Data excerpts:
__________________________________________________
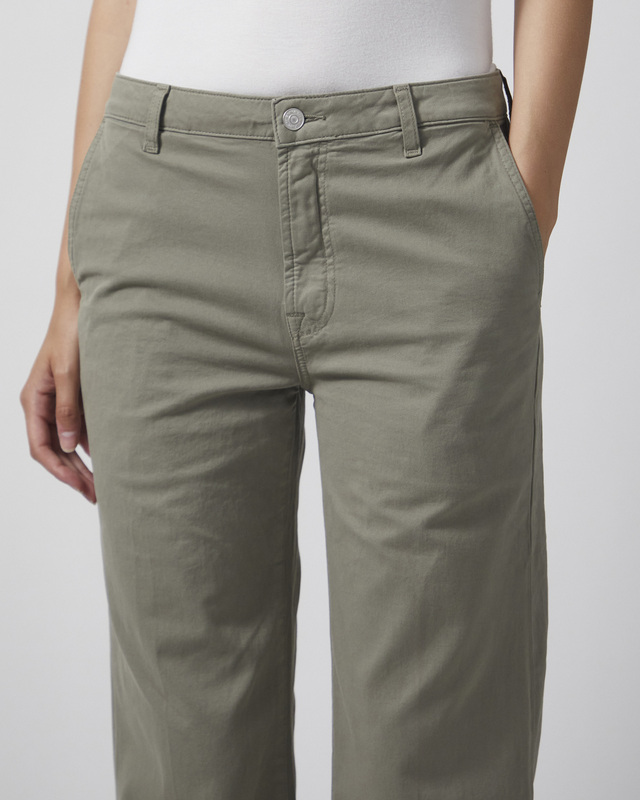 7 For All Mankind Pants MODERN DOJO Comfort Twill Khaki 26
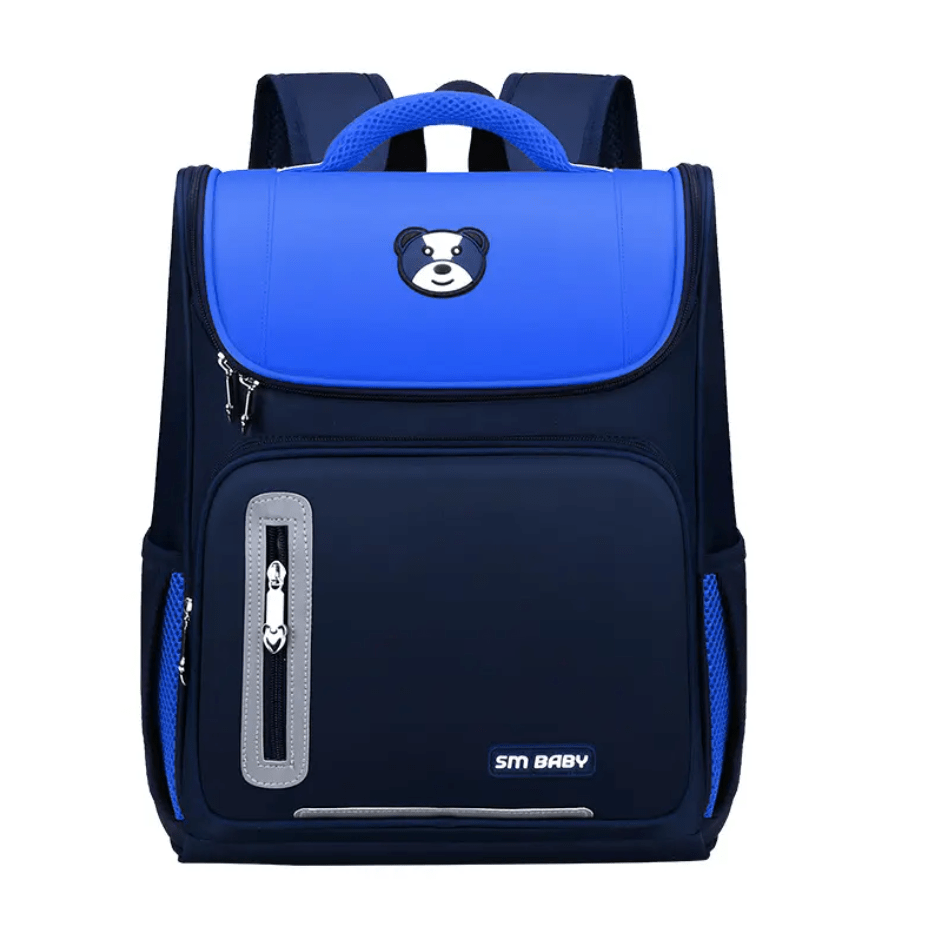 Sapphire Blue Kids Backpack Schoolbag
__________________________________________________
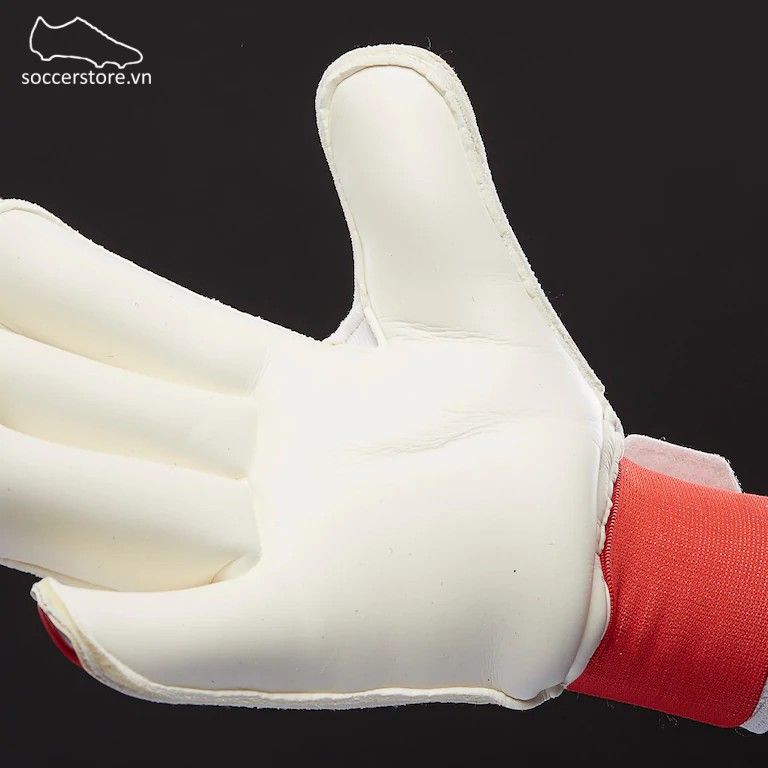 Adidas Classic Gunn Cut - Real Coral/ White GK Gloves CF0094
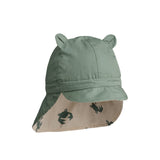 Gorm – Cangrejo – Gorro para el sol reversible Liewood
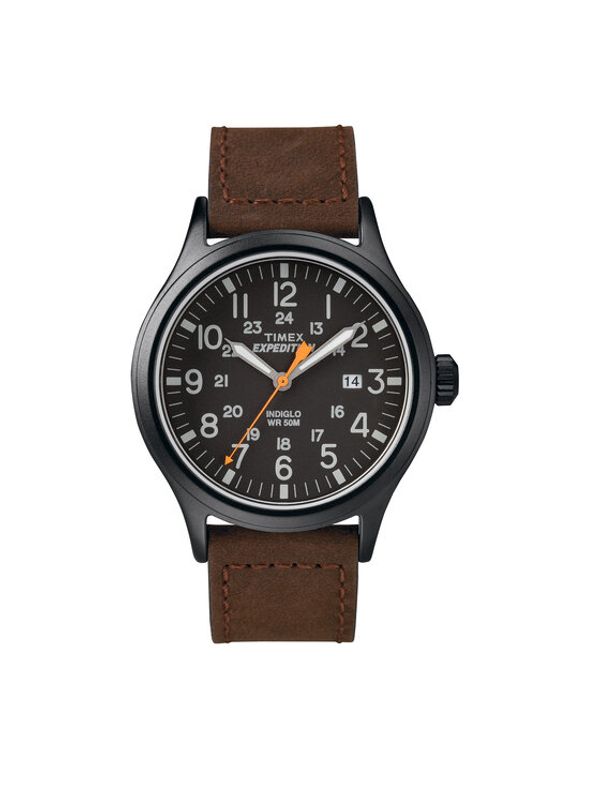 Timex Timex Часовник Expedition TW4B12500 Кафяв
__________________________________________________
What you are asked to do: In the entries above, find the line containing "Gorm – Cangrejo" and the line containing "Timex Timex Часовник", then copy both and every line between them exactly, without any picture.

Written answer:
 Gorm – Cangrejo – Gorro para el sol reversible Liewood
 Timex Timex Часовник Expedition TW4B12500 Кафяв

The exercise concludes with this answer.